La Femme de Tchaïkovski a été réalisé dans les derniers instants de liberté artistique en Russie. Jusqu’à récemment, malgré les pressions du ministère de la Culture, nous pouvions encore faire à peu près ce que nous voulions. L’État fermait en quelque sorte les yeux. Maintenant l’étau s’est resserré. Les pensées dissidentes sont chassées dans l’art comme elles l’étaient en politique depuis un moment. Un tel film est impossible aujourd’hui en Russie.

Est-ce pour cette raison que vous vous êtes exilé en août dernier ?
Je ne me sens absolument pas en exil. En Europe, je suis chez moi. Je vis à Berlin, aujourd’hui je suis à Paris, une ville qui m’est très familière, quasiment natale, au même titre que Moscou.

Vous choisissez de raconter l’histoire du compositeur Piotr Tchaïkovski du point de vue de son épouse Antonina. Pourquoi ?
Ce film parle du combat de cette femme pour demeurer jusqu’au bout dans la vie d’un homme qui la rejette. C’est une histoire d’amour à sens unique dans laquelle j’ai souhaité ne pas prendre position. Je voulais montrer une lutte des contraires et que le spectateur puisse s’identifier aux deux personnages. Le compositeur veut créer et mon héroïne l’en empêche. Je comprendrais que certaines personnes la perçoivent comme quelqu’un de mal aimable, obsessionnel, castrateur. Mais j’ai essayé de justifier ses actes, de les faire comprendre.

En filigrane, vous traitez du tabou de l’homosexualité en Russie au XIXe siècle. Cette situation a-t-elle évolué depuis ?
L’intimité est devenue un enjeu de communication pour le gouvernement actuel. Les débats liés à la sexualité déchaînent les passions. N’importe quel député peut déclarer qu’il faut brûler les gays sur la place publique, pour se donner l’image d’un défenseur des soi-disant valeurs traditionnelles. Je ne parle même pas des républiques du Caucase où vous pouvez être agressé ou tué pour votre orientation sexuelle. Pourtant, l’utilisation politique de l’homosexualité et les mythes machistes contrastent fortement avec la réalité. Les clubs gays sont ouverts en Russie et si vous allumez la télévision, vous pourrez voir des chanteurs couverts de strass et de plumes danser de façon suggestive. Ce paradoxe entre le discours officiel et les faits pourrait être comique si ses conséquences n’étaient pas aussi terrifiantes.
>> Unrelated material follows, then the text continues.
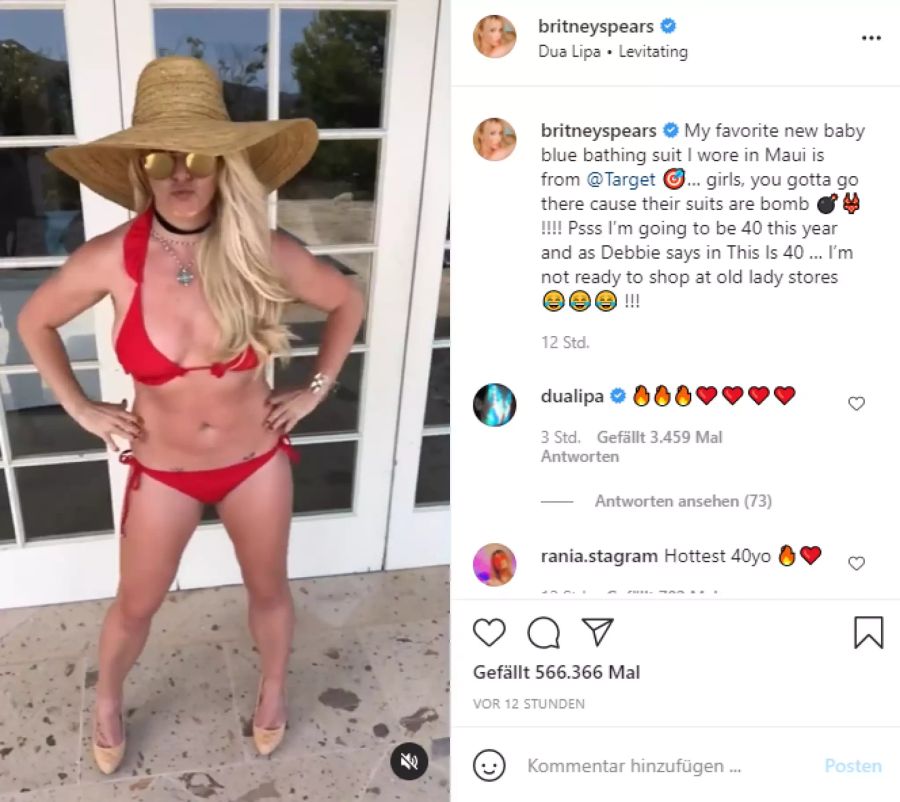 Britney Spears im knappen roten Bikini am Strand von Maui, Hawaii.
Ces non-dits reflètent-t-ils une difficulté plus générale à parler librement de certains sujets en Russie ?
La violence de l’État a engendré ce grand mensonge. Le gouvernement intimide les citoyens qui sont empêchés de dire ce qu’ils pensent. Mais, si beaucoup donnent le sentiment de faire bloc derrière le Kremlin, ils sont profondément divisés. C’est ce qu’il se passait sous l’Union soviétique. De nombreuses personnes acquiescent en public, rentrent chez elles et maudissent le pouvoir dans les cuisines, en priant pour qu’il tombe.

Vous êtes parfois critiqué pour votre refus d’assumer un rôle de porte-parole de l’opposition. Votre célébrité ne vous oblige-t-elle pas à l’être ?
Je ne suis le porte-parole de personne, d’aucune cause. Je n’appartiens à aucun parti, je ne me suis jamais aventuré dans l’arène politique et je m’en tiens éloigné le plus possible. Je ne fais qu’exprimer ce que je ressens à travers mon art. Je revendique de pouvoir me tromper, d’avoir tort, de changer d’avis. Je considère que quoi que vous fassiez, quels que soient le film que vous réalisez ou la pièce que vous montez, toute création porte une vision. Il faut être naïf pour exiger des artistes qu’ils ne se mêlent pas de politique. Créer est un acte politique en soi.